In one or more embodiments, the number of access zones (302, 304), an identifier of all NAS nodes of each access zone, and identifiers of each of the network interfaces of each NAS node are stored in the elastic search database (136, FIG. 1) discussed above. This information may be discovered in accordance with FIG. 4A.



FIGS. 4A-4B show flowcharts in accordance with one or more embodiments of the invention. While the various steps in the flowcharts are presented and described sequentially, one of ordinary skill in the relevant art will appreciate that some or all of the steps may be executed in different orders, may be combined or omitted, and some or all steps may be executed in parallel. In one embodiment of the invention, the steps shown in FIGS. 4A-4B may be performed in parallel with any other steps shown in FIGS. 4A-4B without departing from the scope of the invention.



FIG. 4A shows a flowchart for performing an interface discovery in accordance with one or more embodiments of the invention. The method shown in FIG. 4A may be performed by, for example, a backup manager (118, FIG. 1). Other components of the system illustrated in FIG. 1 may perform the method of FIG. 4A without departing from the invention.


Turning to FIG. 4A, in step 400, a new NAS system installed to the system is detected. In one or more embodiments, the NAS system is installed by an administrator of the NAS system.


In step 402, a network analysis is performed to detect one or more access zones associated with the new NAS system.
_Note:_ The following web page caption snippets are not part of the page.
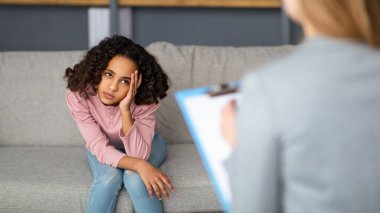 Kadın çocuk psikoloğu ofiste ya da evde siyahi bir kızla çalışıyor. Üzgün bir genç hasta terapi seansında duygularından bahsediyor.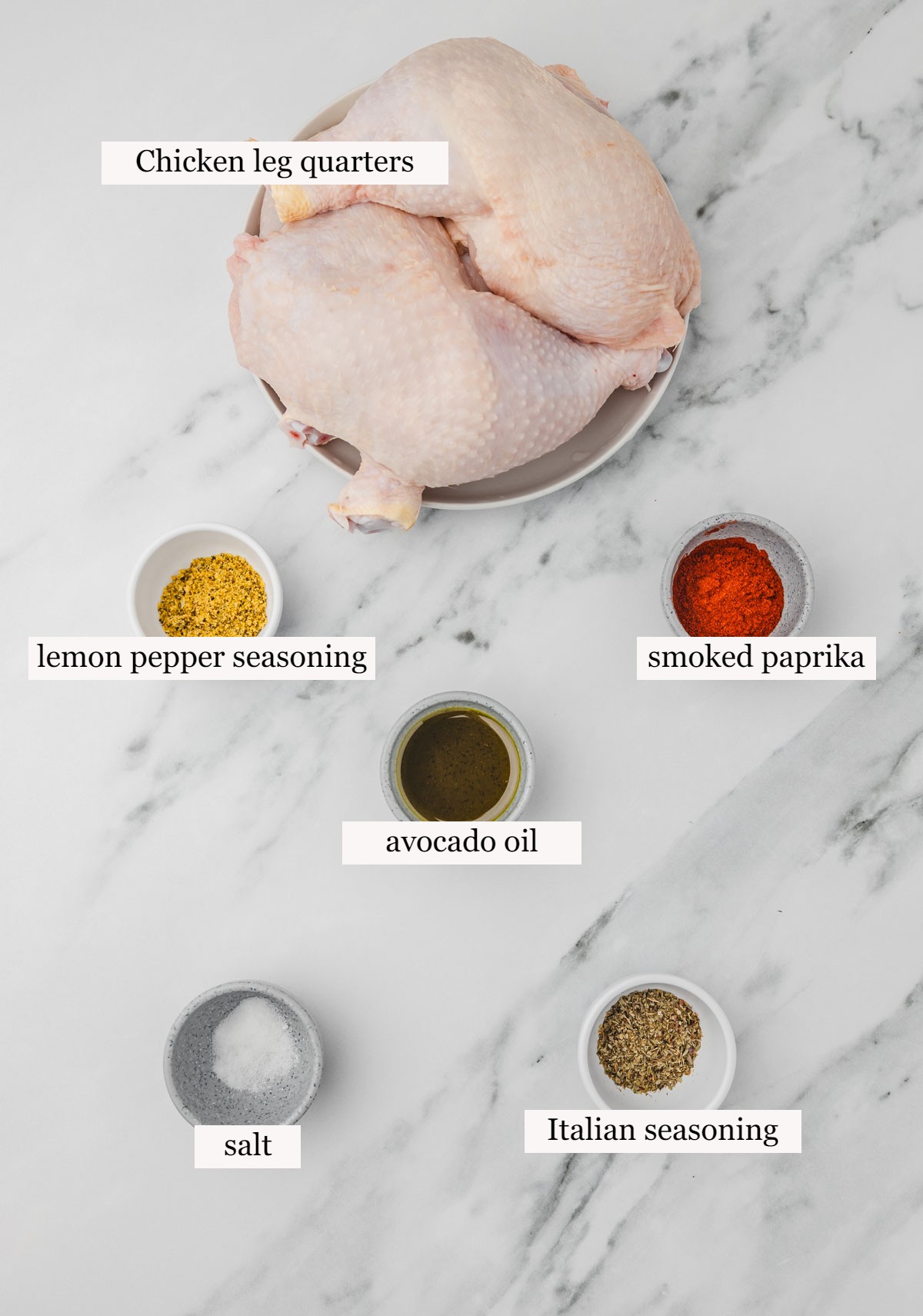 ingredients to season chicken legs on a white marble surface.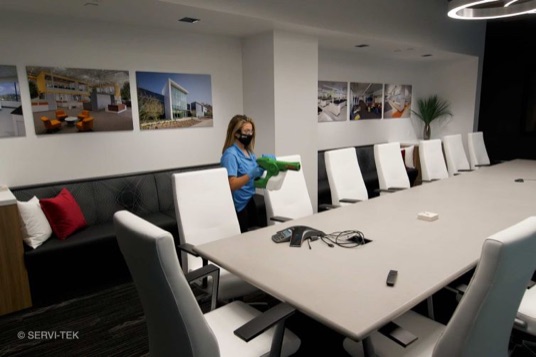 Janitor cleaning the office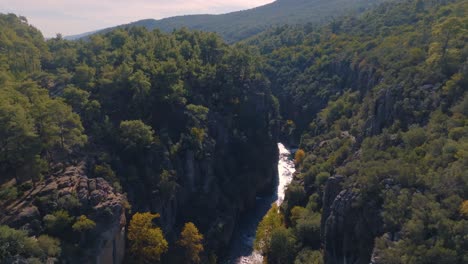 aerial view of a mountain canyon with a river and lush forest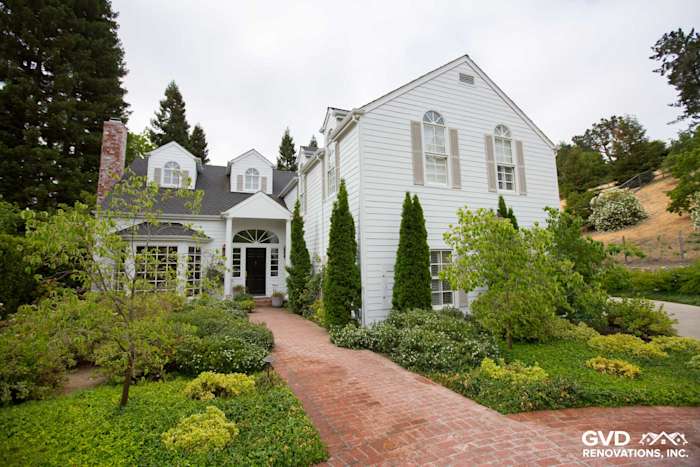 Home exterior featuring Arctic White James Hardie siding, trim, and landscaped pathway in Orinda, CA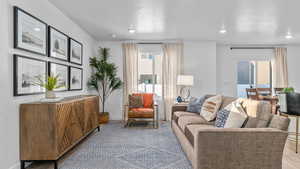 Living area featuring a textured ceiling and recessed lighting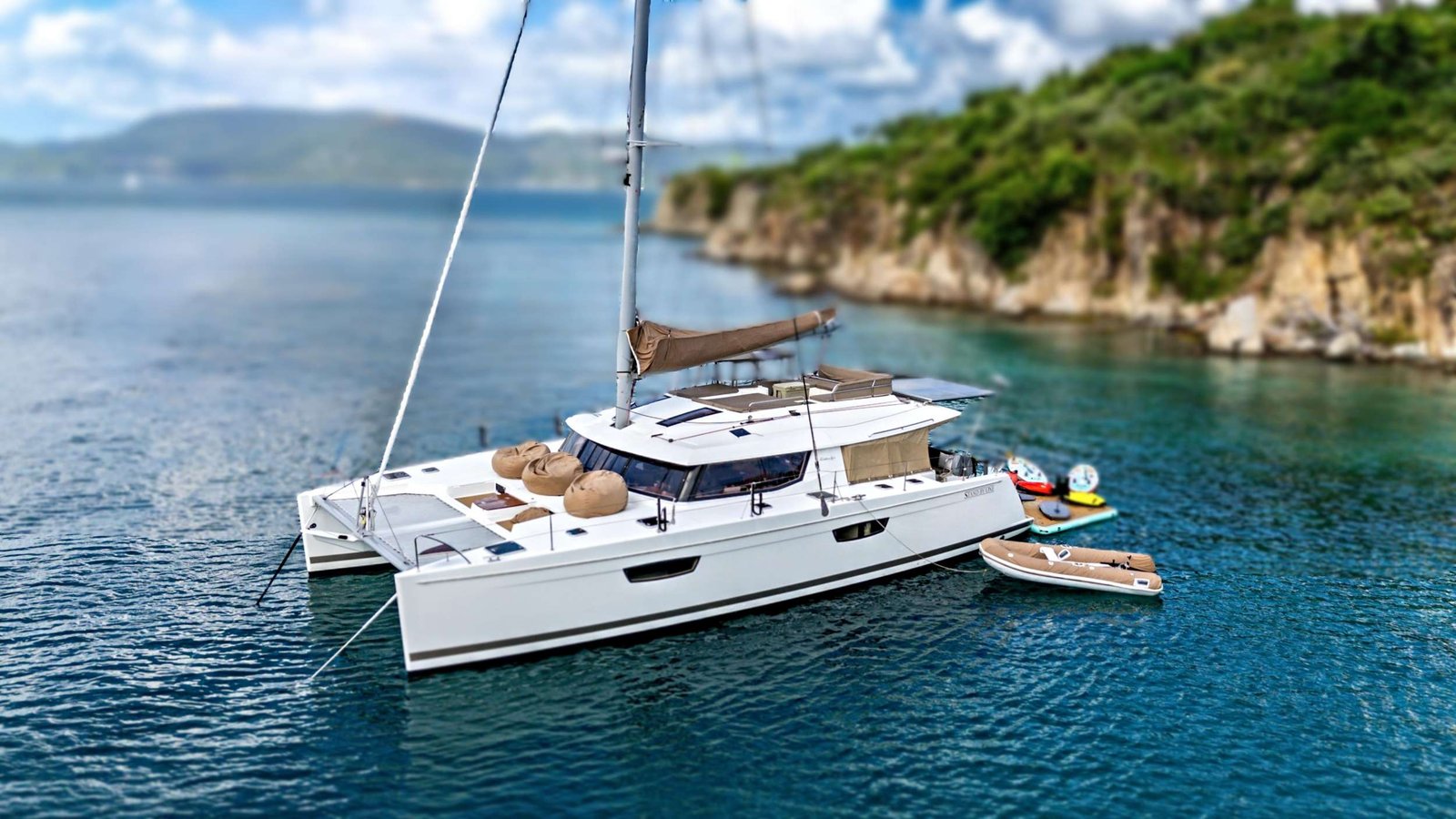 White luxury catamaran anchored in clear blue water near a rocky green coastline, with brown loungers on deck and small inflatable boats nearby.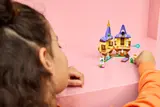 Child playing with open tower.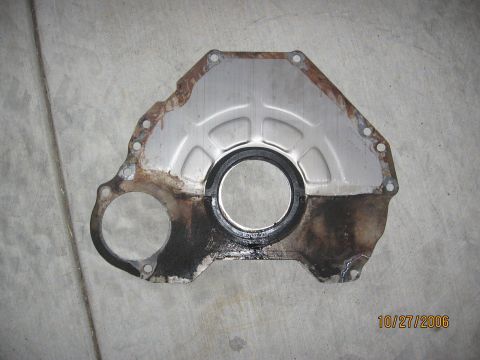 1994 Ford Bronco - This is an engine timing cover with a seal, photographed on October 27, 2006. It shows signs of rust and oil residue.
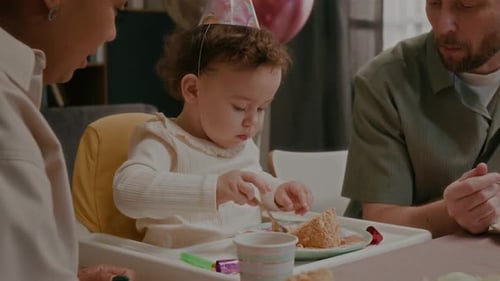Family Celebrates Adorable Baby's First Birthday Indoors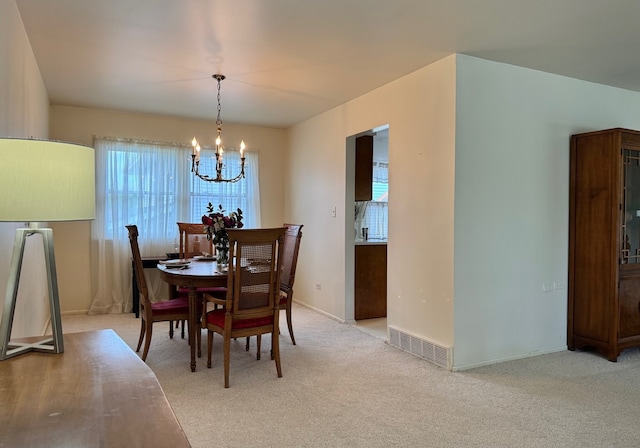 dining room with a chandelier, light colored carpet, and baseboards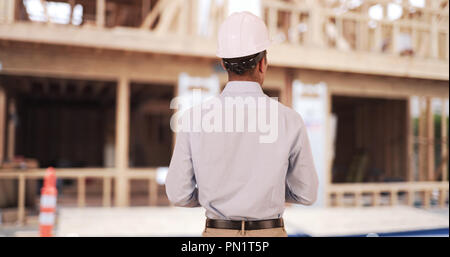 Rear view of Latino architect on construction site wearing hard hat helmet Stock Photo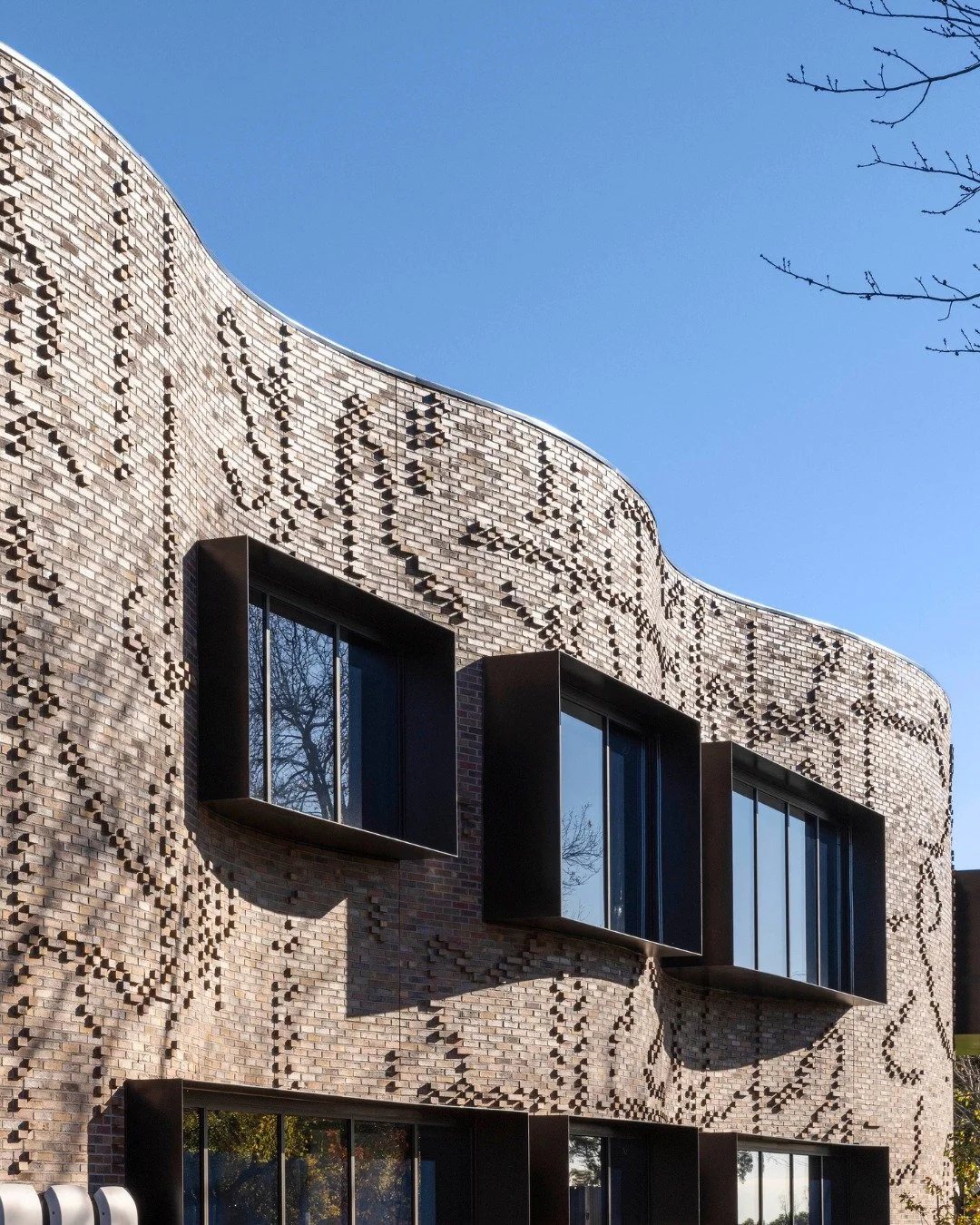 The curved facade of the Annie Hughston Centre at Fintona Girls' School is a standout moment in modern educational design. Wrapped in a custom blend of Krause Mini Empress Bricks, the building features a unique &quot;algorithmic&quot; brick pattern t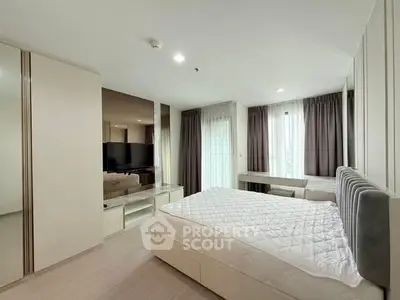 Spacious modern bedroom with large windows and elegant decor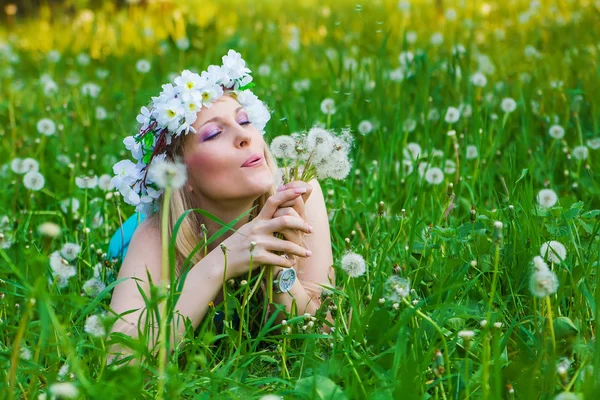 Giovane donna che soffia un dente di leone sui campi — Foto Stock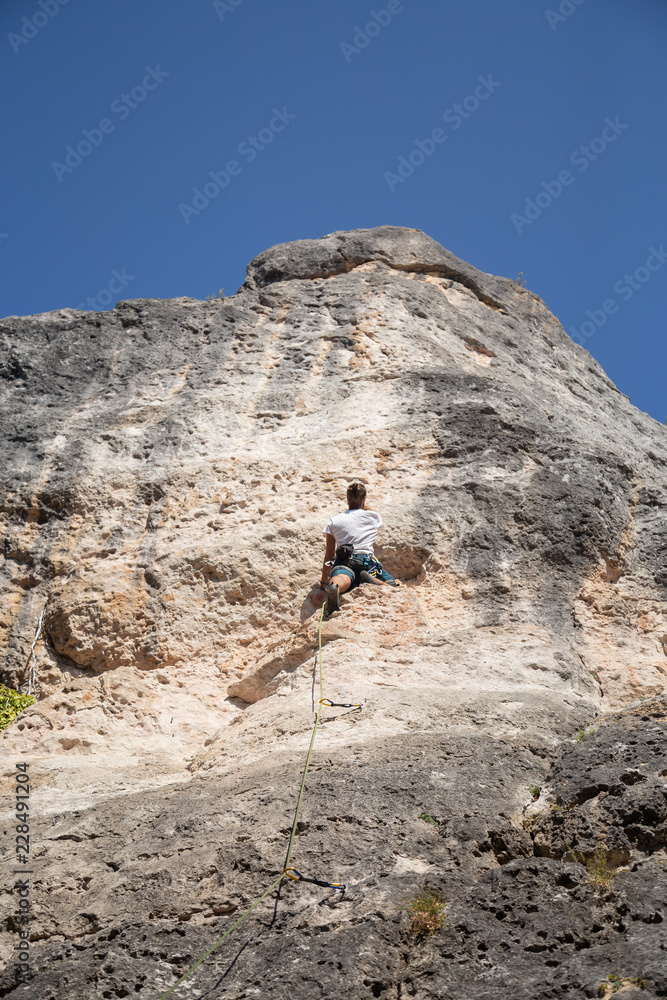 From below shot of male climber climbing mountain wall on amazing sunny day 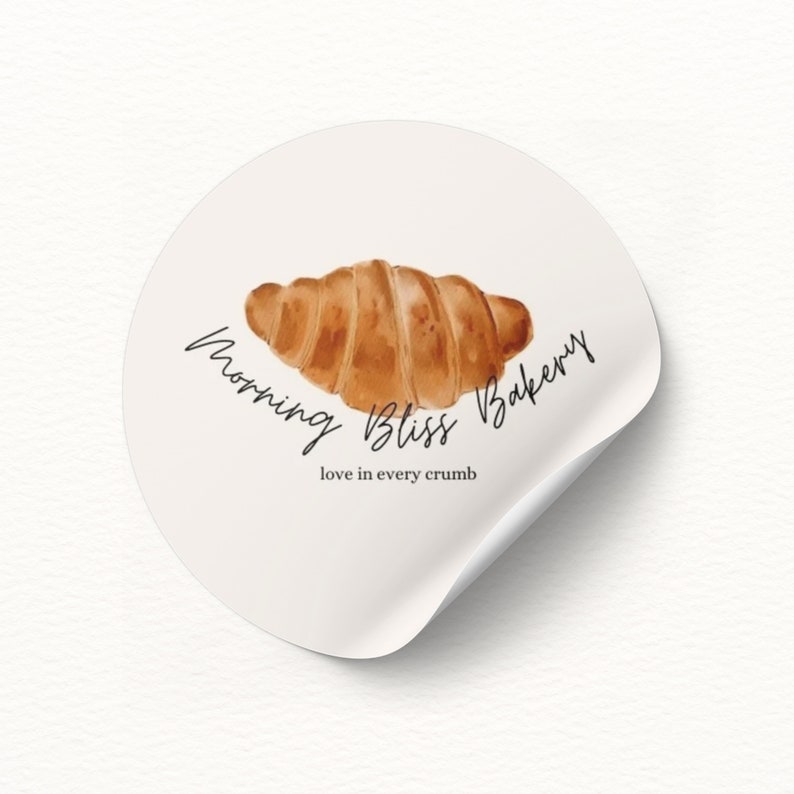 May include: A white sticker with a brown croissant illustration and the text "Morning Bliss Bakery" and "love in every crumb".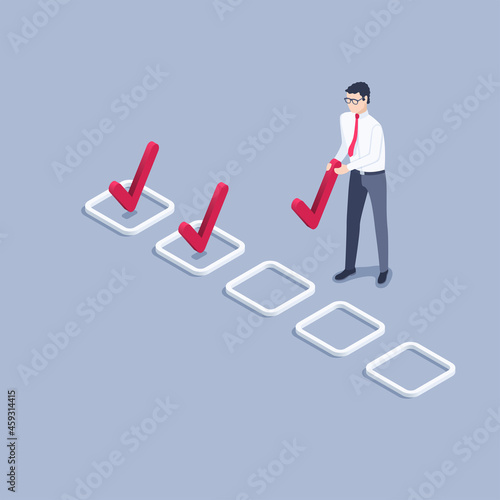 isometric vector illustration on gray background, man in business clothes putting check mark in the box, testing or planning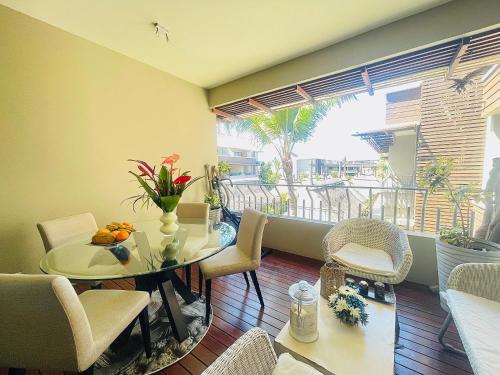 Domaine Des Alizees Residence في غراند بايَ: غرفة طعام مع طاولة وكراسي وشرفة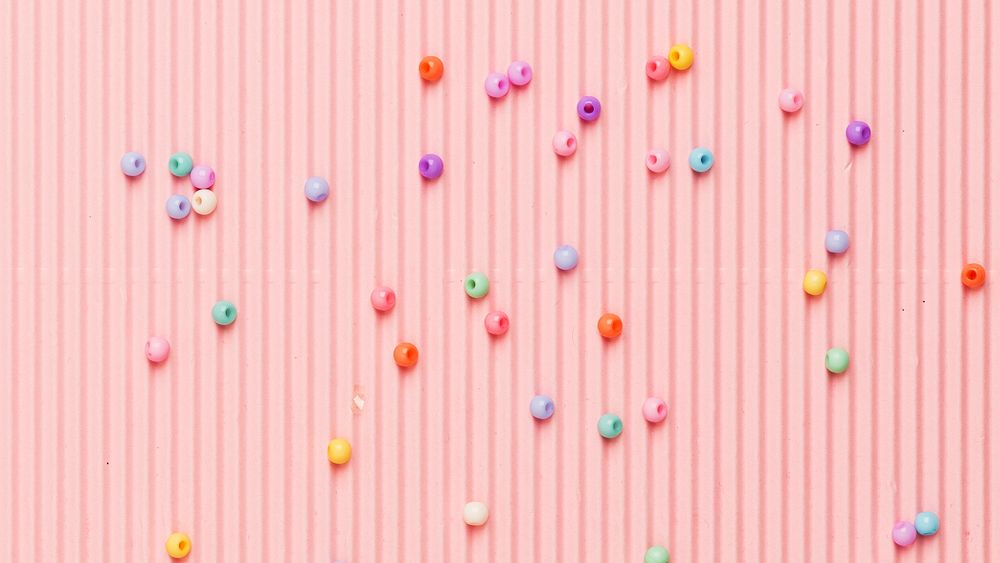 Beads on pink wavy paper banner background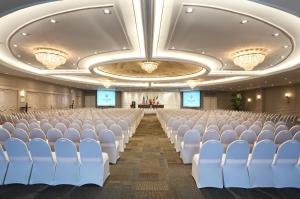 una sala de conferencias con sillas blancas y un escenario en Oro Verde Guayaquil, en Guayaquil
In one or more embodiments, the access zones are detected by analyzing the network interfaces associated with each NAS node in the NAS system and grouping the NAS nodes based on the similarity of the communication channels provided by the network interfaces. In one or more embodiments, the access zones may be specified in a data structure of the NAS system that provides metadata associated with the access zones of the NAS system.


In step 404, the NAS nodes associated with each access zone are identified. In one or more embodiments, the NAS nodes are identified based on the connection via the network interfaces. A parsing of each network interface may be performed to determine the connected NAS nodes. The connected NAS nodes may be identified for each access zone.


In step 406, the management interfaces and data interfaces associated with the NAS nodes are identified. In one or more embodiments, the management interfaces are identified by performing a bandwidth measurement on the network interfaces to determine whether the network interfaces exceed a predetermined threshold. Each network interface that is below the threshold may be identified as a management interface; the network interfaces that meet or exceed the threshold may be identified as a data interface.


In another embodiment, the management interfaces are identified based on whether the network interface provides a communication channel to a management server. In one or more embodiments, a management server is a type of NAS node that includes capability for managing the operations of storage nodes in the NAS system. The storage nodes may be another type of NAS node that stores data associated with NAS assets. The network interfaces that provide a connection to the management servers may be identified as management interfaces.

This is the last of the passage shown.